I had been out of practice with yoga for several years. The business of bearing children, nurturing a career, building a life, constructing a house and deconstructing a family took me away from the mat. This January I finally found my way back. Before kids, I cut some serious teeth at Larchmont Yoga (now a Yogaworks) in Hollywood. When my daughter was an infant and toddler, I lived in Santa Monica for several years. I practiced regularly at Yogaworks on Montana Ave. I had experienced good yoga and I was spoiled.
I have lived in the South Bay for 7 years. Beautiful beaches, fab bike path, great public schools, there's a lot to love. Yoga? Not so much. I've tried half a dozen schools in the area and hadn't clicked with any of them. That is, until an old friend moved into the neighborhood. Enter
Yogaworks South Bay. It's gorgeous, it's convenenient, it's a perfect fit. The schedule is filled with good classes taught by great teachers. In January I started taking 3-4 classes a week.

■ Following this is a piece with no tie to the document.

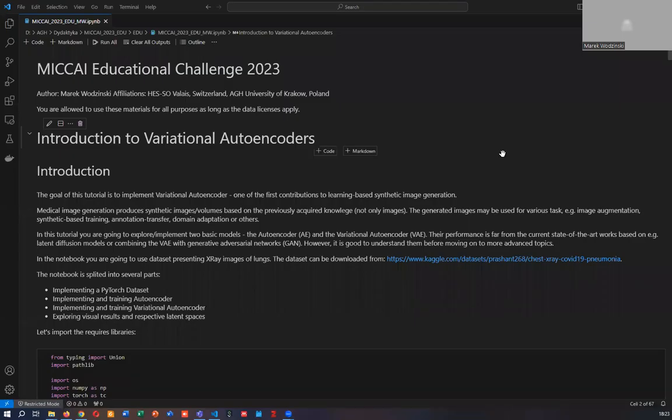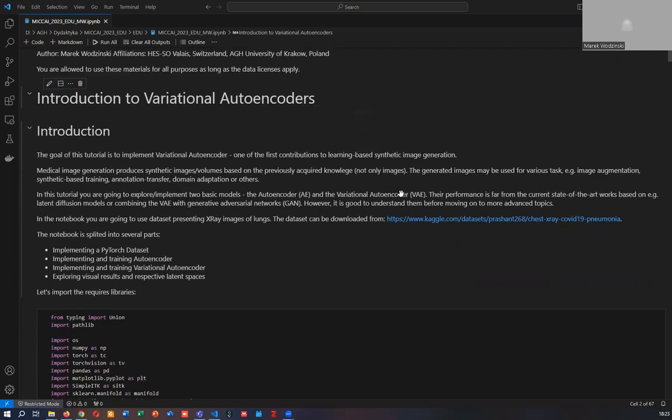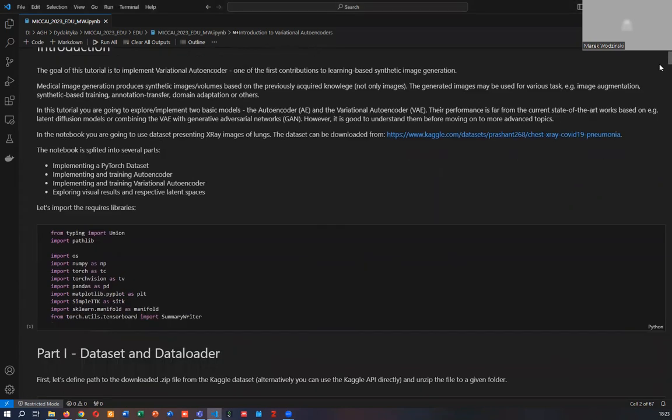Hello, I would like to introduce you to my contribution to the MICCAI Educational Challenge: Introduction to Variational Autoencoders, a notebook dedicated to bachelor and master's students. The goal is to get familiar with the concepts of autoencoding and latent spaces.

Yoga is a complex philosophy spelled out the in Bhagavad Gita, the primary Hindu scripture. As many as 18 kinds of yoga are defined, only one of which is the physical practice. Each class is a series of poses — asanas — designed to foster strength, flexibility and balance.
So, I have finally gotten to a point in my yoga practice where I can easily slip into what I call conscious detachment. For someone who is hyperemotionally engaged at all times — no small feat. I often feel like I wish I could take a vacation from myself. Yoga finally does that for me. I have always believed that a healthy relationship requires a balance of intimacy and space. My practice gives me that same balance in my relationship with myself. And chanting has enabled me to return to that state when I am not on my mat. I chant in the car. I chant in the shower. I chant in my head at work when I am fretting about feeling unappreciated and uninspired. I chant when I feel like I am hanging on to feelings for the otherwise perfect man who is emotionally unavailable (yes, my very own Mr. Big). I chant when I worry about money. I chant when I look at the wrinkles between my eyebrows (and it's a helluva lot cheaper than Botox).
It's time to convince you that no one has fed me Kool-Aid in a tent somewhere in the tropics. By now, my futurist friend Alex in Silicon Valley is shaking his head. He told me New York would revoke my native status if she knew I was chanting in Brentwood. I am sure he is right, but the best spiritual experience she could offer was discovering (at 5am on the way to the Kiev after having been up all night partying) that the cube at
Astor Plaza rotates if you push it. Besides, the skull-adorned punks on the Lower East Side don't wear cool skirts made out of dismembered body parts. I'll take my Hindu goddess any day.